Décision a donc été de restaurer l’ensemble de la couverture avec les anciennes et de nouvelles reproduisant celles d’origine : « Nous avons eu la chance de trouver un tuilier, les Tuileries Henselmann et fils (57), qui, à partir de moulage en plâtre, a reproduit les tuiles de Carl Ludowici. » À la pose, les couvreurs ont panaché anciennes et nouvelles, ce qui fait que la couverture, esthétiquement parlant, s’intègre parfaitement à l’ensemble architectural.
Décapage complexe
Si les travaux les plus spectaculaires ont porté sur le clos et le couvert, d’autres à l’intérieur du bâtiment sont tout aussi exemplaires. Y compris les plus ingrats comme le retrait des peintures au plomb et le décapage des menuiseries. « Le parti pris du maître d’ouvrage était de conserver et de retrouver l’état d’origine des lambris et des bois de charpente.
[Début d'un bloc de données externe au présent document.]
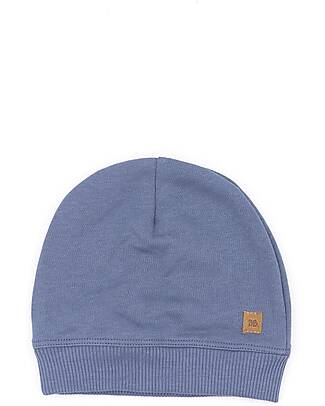 Bamboom Beanie - Jeans Blue - Bamboo and Organic Cotton Winter Hats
L’ensemble de ces ouvrages était recouvert de peinture au plomb qu’il a fallu décaper. »
Apparemment simple, cette opération s’est révélée extrêmement complexe en raison du nombre de couches, mais aussi de la fragilité et de la qualité historique de certains lambris, dont ceux du rez-de-chaussée très intéressants en matière de moulure : « Il a fallu analyser les peintures, puis trouver les procédures les plus satisfaisantes. Nous avons donc, avec l’entreprise Ferrari démolition, procédé par expérimentation : sablage avec différents types d’abrasifs et de pression, essai par brossage pour les moulures avec ou sans produit ramollissant, méthode de chauffage, ou encore le ponçage électrique pour la charpente. Finalement, la méthode la plus efficace et la plus respectueuse a consisté, quand c’était possible, à démonter les lambris, puis à les tremper dans des bains de potasse ».
Une fois cette opération réalisée, les lambris des premier et deuxième étages ont été recouverts d’une lasure. En revanche, au rez-de-chaussée, les lambris néogothiques remarquables, très complexes à déposer et à décaper, ont subi une mise à la teinte particulière. Après recherche, la teinte a été recréée en trois étapes : brûlure au feu, brossage et lasure.